Steve Coogan and Rob Brydon plays fictionalized versions of themselves by exaggerating aspects of their real selves with some fictional inner turmoil added in. In the first season Steve Coogan's falling relationship with his girlfriend, who was supposed to be in the trip with him, was the overarching theme. In the second season focus on a personal level is more on Rob with him being involved in a fling with a girl they meet during the trip and also trying out an audition for a role in a Michael Mann film, which makes Steve slightly jealous of him. He is supposed to play the role of an Italian mob accountant which brings out all the impersonations based on Godfather from both of them.

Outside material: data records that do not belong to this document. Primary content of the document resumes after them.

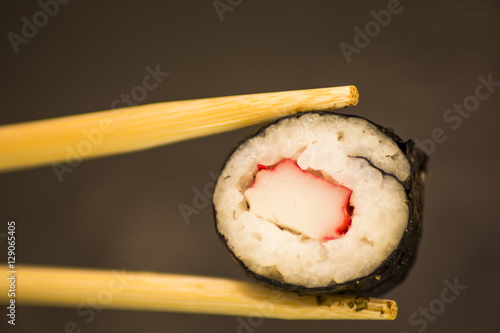 Pieces of sushi on a black stone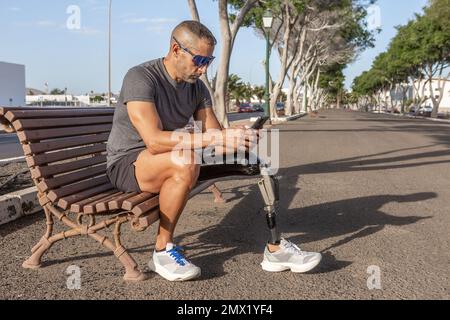 Toute la longueur de l'amputé mâle barbu avec prothèse de jambe assise sur le banc après avoir courez tout en parcourant le téléphone portable par beau temps Banque D'Images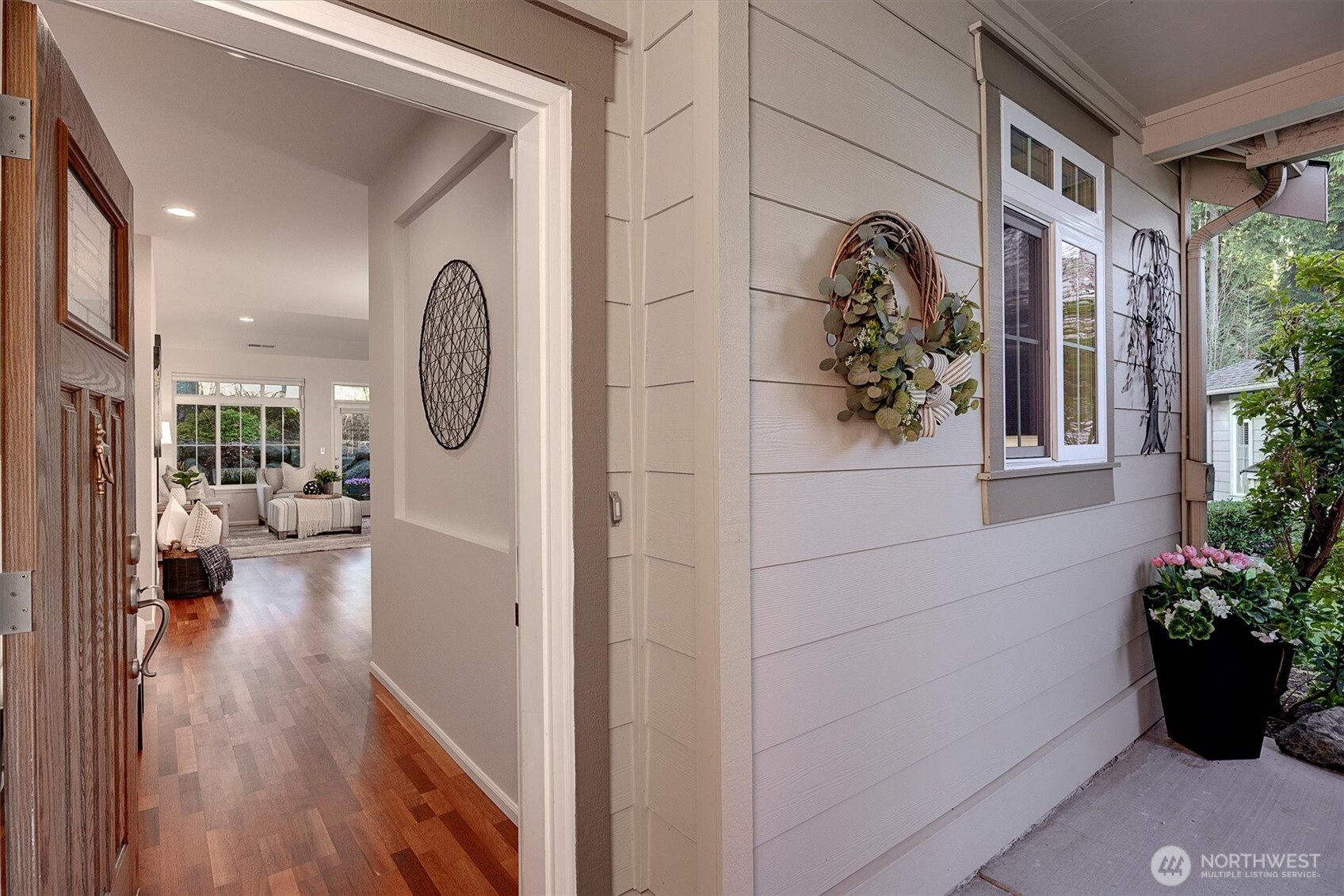 23857 Northeast 112th Circle, Unit 2 Redmond, WA 98053 - Photo 4 of 28 a view of a hallway with wooden floor and a potted plant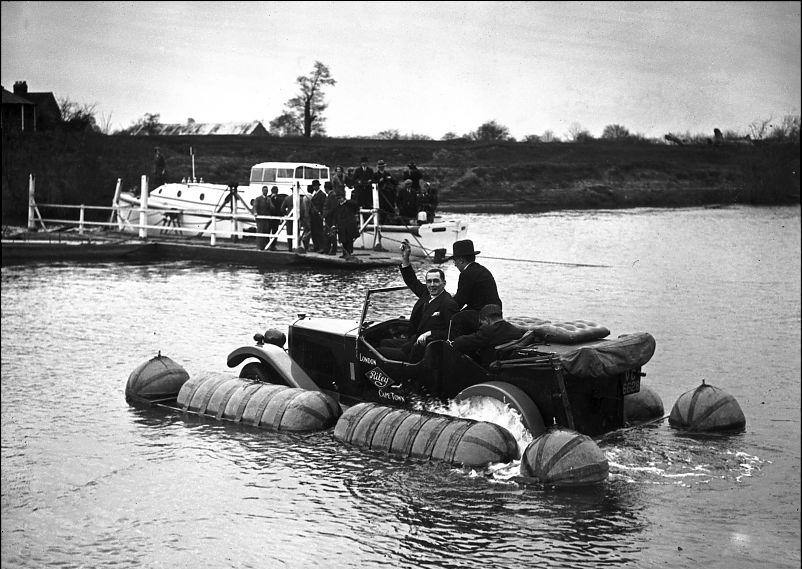 Captain Malin with an amphibian Riley car going down the Severn.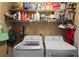 Well-equipped laundry room includes front loading washer and dryer with lots of shelving for storage at 1217 Club Walk Ne Dr, Brookhaven, GA 30319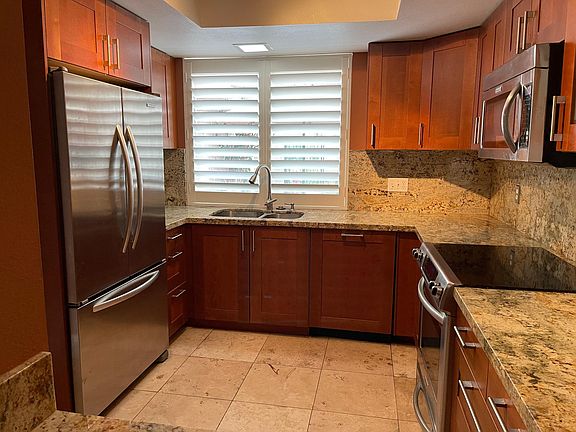Remodeled kitchen with refrigerator and dish washer.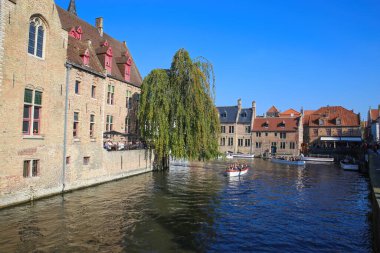 Brugge (Rozenhoedkaai), Belçika - 9 Ekim. 2021: Ortaçağ binaları, yeşil ağaçlar ve açık mavi sonbahar gökyüzüne karşı iskele arkaplanı üzerindeki su kanalına bakın
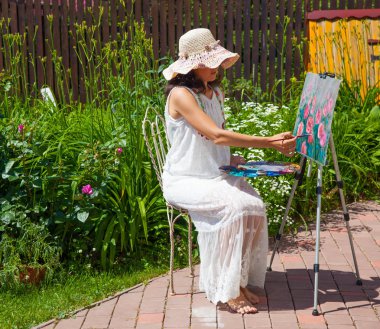 beyaz şapka ve elbise boyama gül genç kadın bahçede otururken 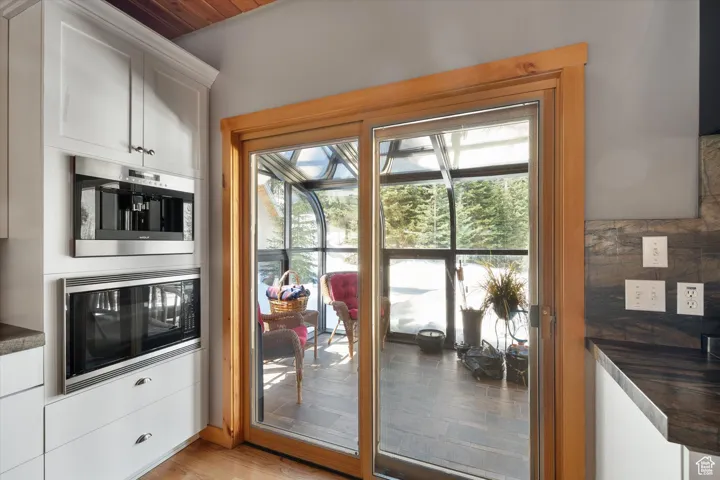 Doorway with light wood-style floors and baseboards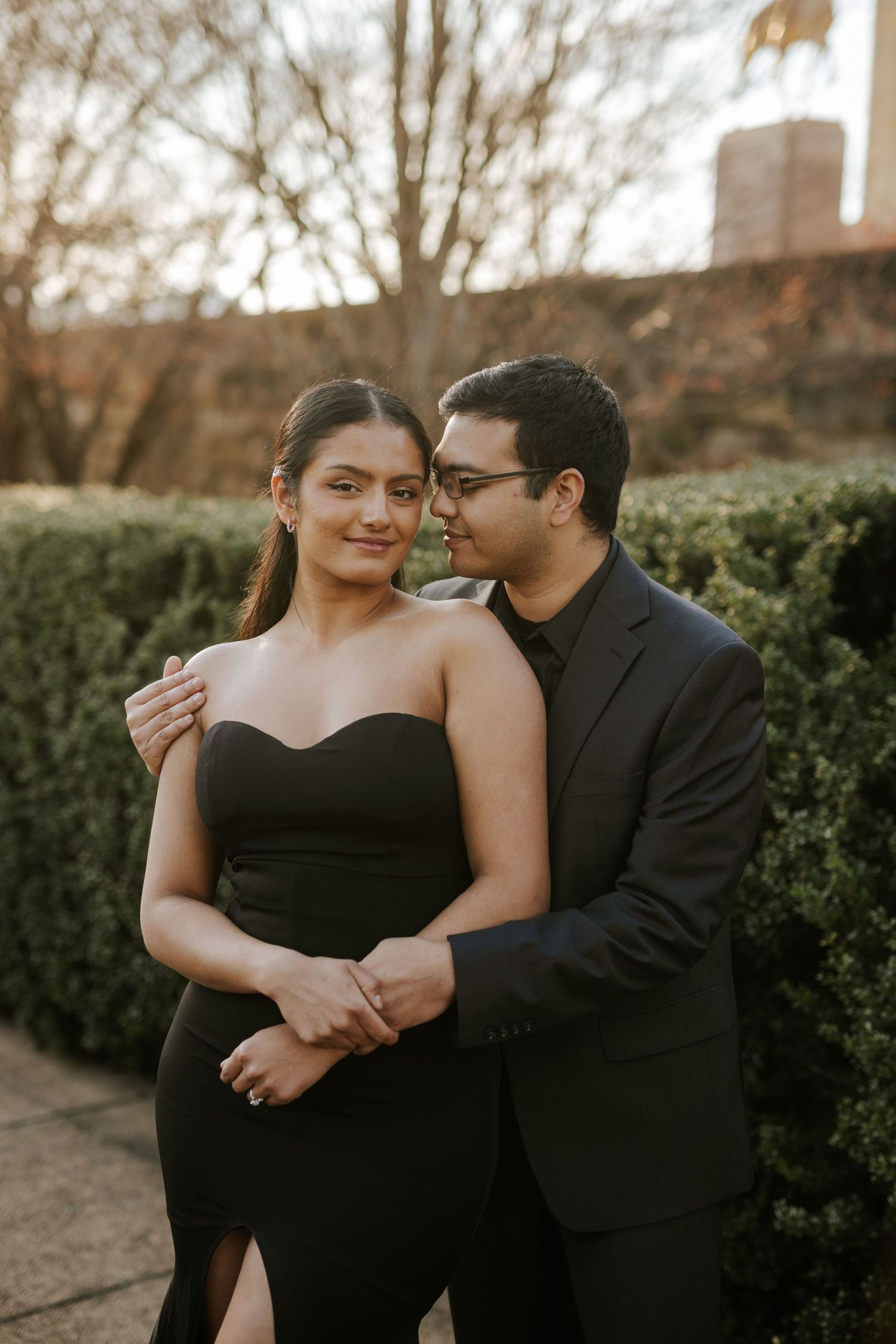 A joyful couple in traditional attire strolls through lush greens at The Drexelbrook Catering & Event Center—timeless elegance in Philly.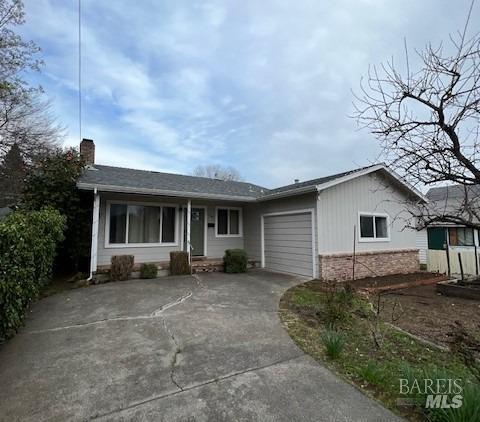 single story home featuring an attached garage, a chimney, and concrete driveway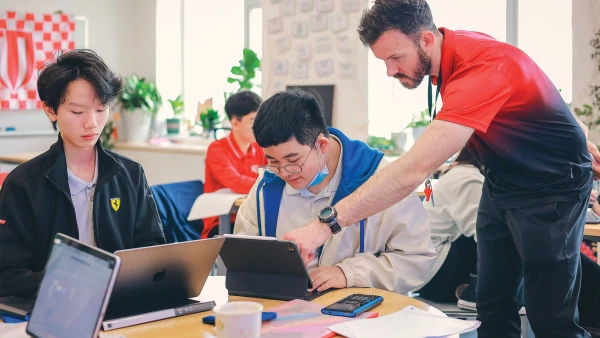 teacher helping students on computers about chengdu international school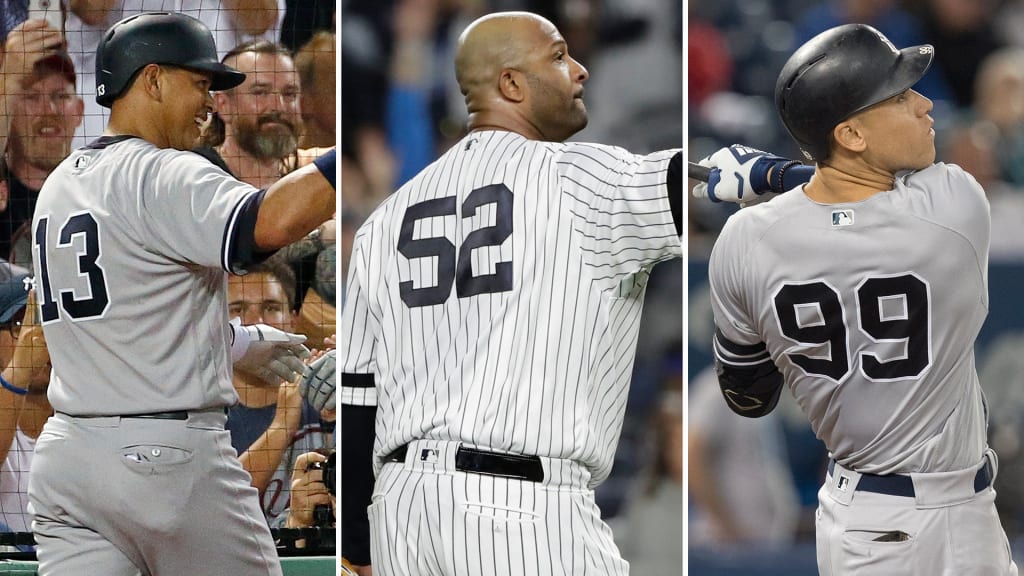 How did the tradition of the Yankees not wearing names on their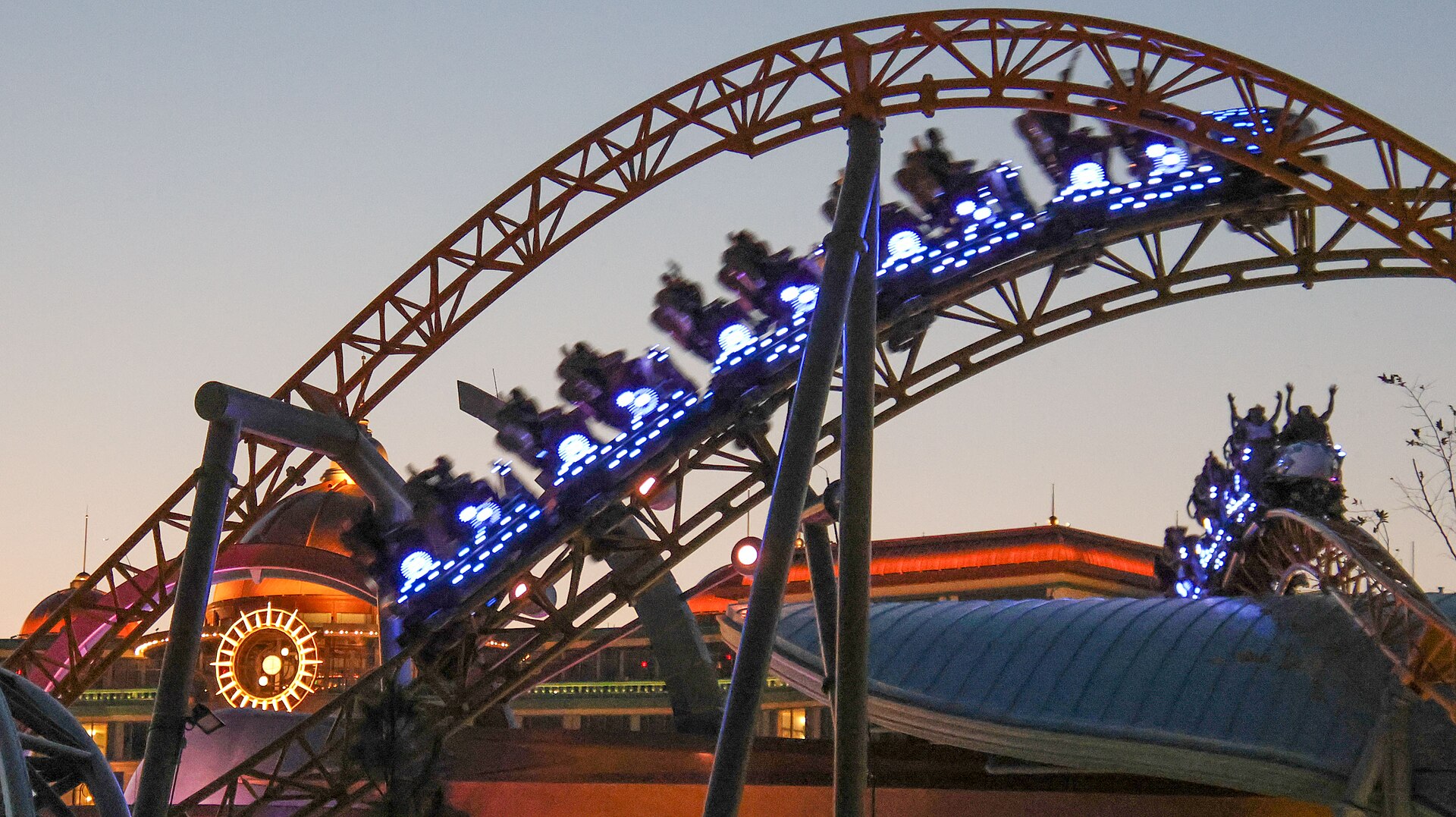 Stardust Racers coaster trains lit with blue lights racing over an orange steel track at twilight in Celestial Park at Epic Universe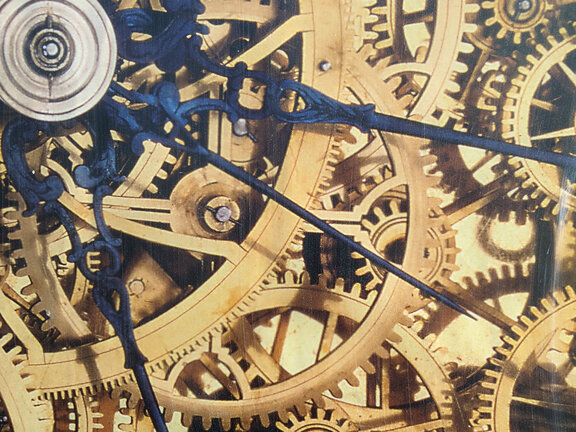 Zahnräder einer Uhr greifen ineinander, darüber sind blaue Zeiger abgebildet.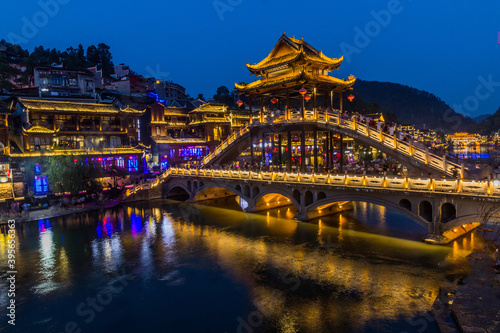 Evening view of Fenghuang Ancient Town with Xueqiao Snow bridge, Hunan province, China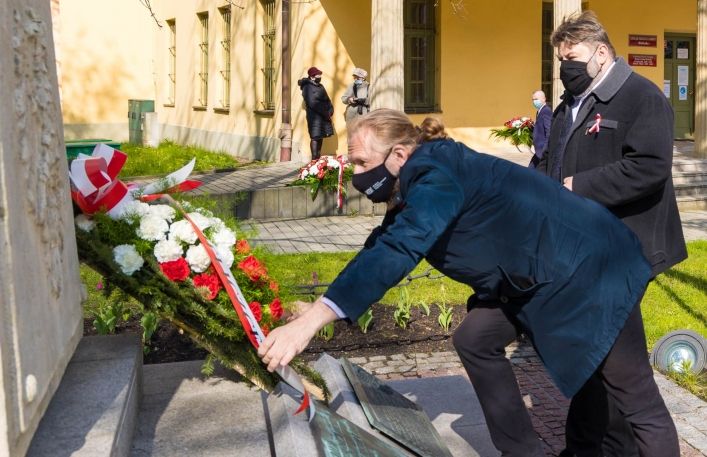 Dyrektor jan Godłowski składający wieniec z biało-czerwonych kwiatów pod pomnikiem.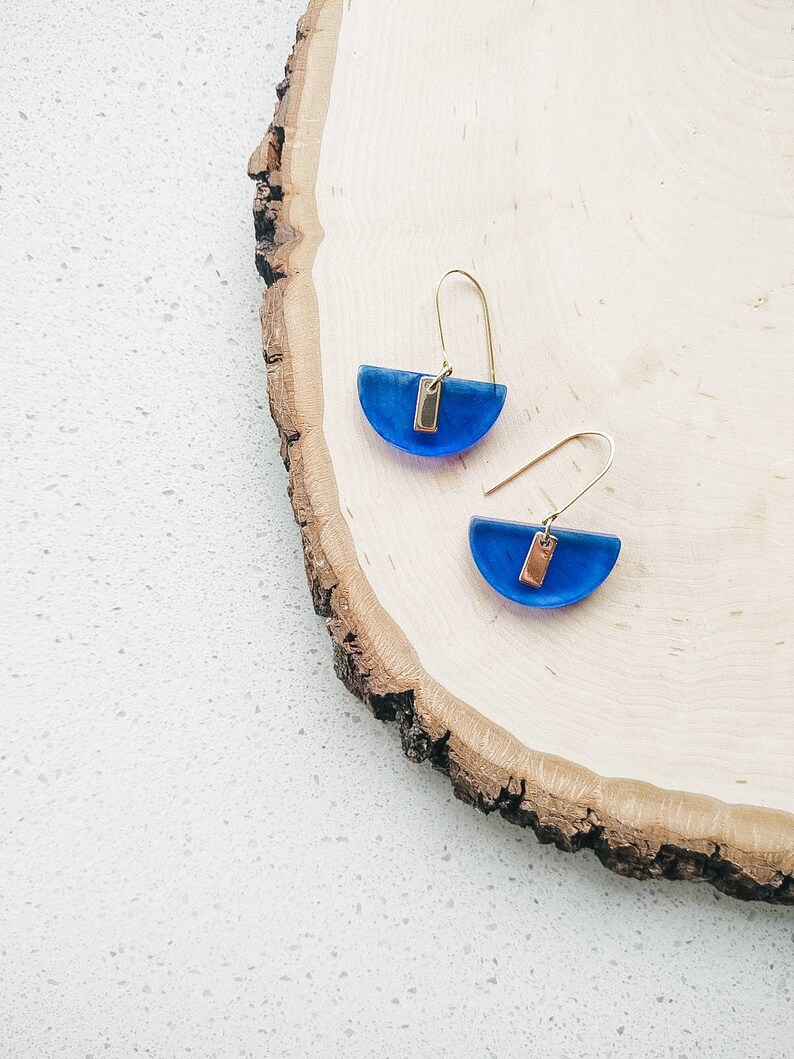 Cobalt blue dangles with gold accents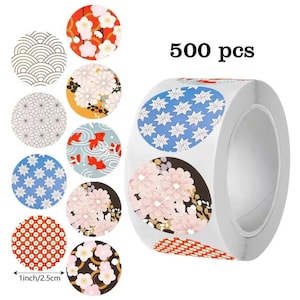 以下が含まれることがあります： 様々な日本のデザインが施された装飾ステッカーのロール。ステッカーには、花柄、幾何学模様、鯉の模様があります。ロールには500枚入っています。各ステッカーの直径は2.5cmです。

Both the seasons were edited to bring out films of them and my first experience of 'The Trip' was through the film with the same name out of the first season. I saw the TV episodes after that and haven't yet seen the film made out of the second season and I guess I will catch up on it after a while only. I thought the first film was better than the first season's TV episodes with the personal story of Steve coming across better with a very powerful ending which conveys his loneliness. On TV it felt a bit inconsistent with each episode dedicating what felt to be a premeditated time for Steve's troubles. This kind of feel was less for the second season and so I don't think there will be much difference between the film and TV season. The two seasons comprises of six episodes each.
What you get with 'The Trip' is two friends who wants to make it seem as if they can't stand each other and are jealous of each other in some sort of way. Steve Coogan is of course the more successful of the two but he holds resentment for being not that successful in his film career. He looks down upon Rob Brydon' material and is on the whole quite condescending to him. There are plenty of references and impersonations all of which you might not be able to get. The most recurring ones are Michael Caine, latter years Al Pacino, Brando from Godfather and other usual suspects from Britain like Sean Connery, Jimmy Saville, Pierce Brosnan, Roger Moore etc. It is a very unconventional comedy that is quintessentially British, also playing up their modern relationship with America which is essentially a combination of condescension and inferiority complex. It is great watch and I am also a fan of Michael Winterbottom, which I don't know whether is a precondition to love the show. Along with 'The Trip, my favorite works of his are '24 Hour Party People' and 'The Killer Inside Me'.